- **Task objective**
Give again, word for word, every line below from the one that has "A photo taken" through the one that has "Image of man", both included, and no others.
Segment Start: Given entries
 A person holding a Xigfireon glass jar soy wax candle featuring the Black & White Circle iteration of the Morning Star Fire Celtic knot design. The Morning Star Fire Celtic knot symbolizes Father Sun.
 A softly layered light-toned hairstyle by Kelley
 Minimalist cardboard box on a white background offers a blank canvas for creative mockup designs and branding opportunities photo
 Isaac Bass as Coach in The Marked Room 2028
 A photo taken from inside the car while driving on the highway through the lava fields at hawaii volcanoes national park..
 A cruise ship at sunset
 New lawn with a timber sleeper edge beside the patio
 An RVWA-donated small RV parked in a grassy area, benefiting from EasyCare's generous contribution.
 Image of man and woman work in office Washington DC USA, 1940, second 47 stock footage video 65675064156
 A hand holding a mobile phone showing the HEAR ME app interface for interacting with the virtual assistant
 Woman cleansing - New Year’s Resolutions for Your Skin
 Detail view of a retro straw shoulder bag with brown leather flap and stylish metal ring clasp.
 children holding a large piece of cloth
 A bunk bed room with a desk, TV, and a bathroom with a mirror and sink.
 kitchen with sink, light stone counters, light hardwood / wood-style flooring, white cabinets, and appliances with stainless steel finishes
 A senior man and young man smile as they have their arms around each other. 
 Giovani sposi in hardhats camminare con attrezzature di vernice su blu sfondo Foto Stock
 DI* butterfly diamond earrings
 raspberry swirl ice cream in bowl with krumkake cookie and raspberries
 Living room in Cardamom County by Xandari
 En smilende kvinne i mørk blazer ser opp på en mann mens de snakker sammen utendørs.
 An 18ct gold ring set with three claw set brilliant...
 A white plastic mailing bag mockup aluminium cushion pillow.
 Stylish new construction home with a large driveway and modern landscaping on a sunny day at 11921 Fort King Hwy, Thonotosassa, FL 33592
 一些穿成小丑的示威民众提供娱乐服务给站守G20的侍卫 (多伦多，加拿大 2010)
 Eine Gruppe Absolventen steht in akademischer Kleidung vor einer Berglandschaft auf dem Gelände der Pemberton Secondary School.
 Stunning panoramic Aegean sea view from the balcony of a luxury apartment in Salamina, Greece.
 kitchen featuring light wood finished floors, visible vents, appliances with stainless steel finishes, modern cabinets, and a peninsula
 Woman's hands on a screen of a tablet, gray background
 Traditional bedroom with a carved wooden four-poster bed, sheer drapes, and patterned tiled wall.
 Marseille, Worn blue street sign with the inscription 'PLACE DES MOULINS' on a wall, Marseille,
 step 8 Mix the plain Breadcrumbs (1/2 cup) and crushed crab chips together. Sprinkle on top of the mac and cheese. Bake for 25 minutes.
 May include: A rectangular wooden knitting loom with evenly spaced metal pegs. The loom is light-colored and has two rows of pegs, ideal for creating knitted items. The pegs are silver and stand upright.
Segment End: Given entries
- **Expected answer**
 A photo taken from inside the car while driving on the highway through the lava fields at hawaii volcanoes national park..
 A cruise ship at sunset
 New lawn with a timber sleeper edge beside the patio
 An RVWA-donated small RV parked in a grassy area, benefiting from EasyCare's generous contribution.
 Image of man and woman work in office Washington DC USA, 1940, second 47 stock footage video 65675064156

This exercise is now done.